Boreel

Boreel

← Terug

Boreel

Ten tijde van de emancipatie werd in Suriname op plantage 't Vertrouwen de familienaam Boreel toegekend. Die naam verwijst direct naar de familie Boreel die in Amsterdam betrokken was bij de Sociëteit van Suriname.

Jacob Boreel (1630-1697) was de zoon van Wilem Boreel. Zijn familie was afkomstig uit Gent en later naar Middelburg verhuisd. HIj werkte in 1665 samen met Nicolaes Witsen en trouwde in 1667 met Isabella Coymans (1647-1705) met wie hij in eerste instantie aan de Nieuwe Doelenstraat woonde.
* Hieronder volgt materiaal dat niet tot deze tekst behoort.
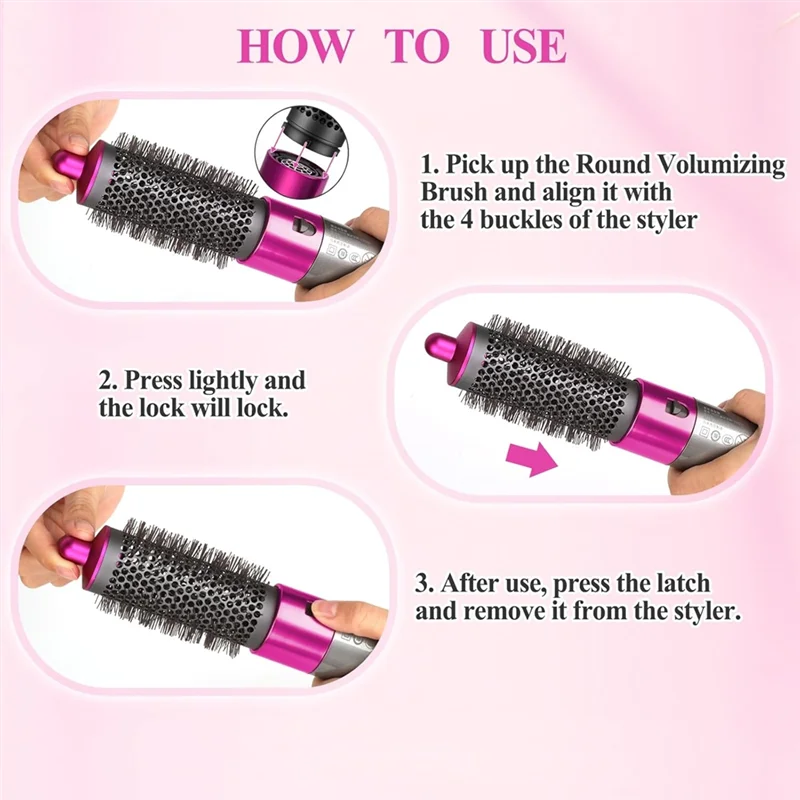 ABZA-For Dyson Airwrap Styler HS01 HS05 HS08 فرشاة مستديرة متوافقة ومرفق تدفق الهواء لتصفيف الشعر الناعم والشباك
Tussen 1678 en 1681 was hij ambassadeur in Parijs, waar hij zich de woede van Lodewijk XIV op zijn hals haalde . Als diplomaat was Jacob Boreel aanwezig bij het sluiten van de Vrede van Nijmegen de de Vrede van Rijswijk.

Eind 17 eeuw was Jacob Boreel meermaals burgemeester van Amsterdam, in die tijd woonde hij aan de Herengracht 507. In 1696 werd zijn huis aldaar geplunderd bij de aansprekersoproer. Boreel die op dat moment burgemeester was en zijn zoon, de stadssecretaris, werden beschuldigd de aanzet te hebben gegeven tot een nieuwe belasting op begraven in de kerk. Boreel, nogal zwaarlijvig, kon ternauwernood over de schutting van de buren worden gesleurd. Alle meubels, spiegels en kostbaar poselein werden stukgeslagen, meegenomen of in de gracht gegooid.
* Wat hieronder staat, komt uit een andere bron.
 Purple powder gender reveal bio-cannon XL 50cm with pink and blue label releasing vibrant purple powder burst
Zijn zoon Willem Boreel (1675–1727) trouwde in 1704 met Catharina Clara Geelvinck. Het echtpaar woonde op de Herengracht 509-511, een van de duurste panden op de gracht. Hij was directeur van de Societeit van Suriname tussen 1709 en 1726, tot hij -net als eerder zijn vader- werd benoemd als ambassadeur in Parijs.

De familie Boreel was mede-eigenaar van verschillende plantages in Suriname.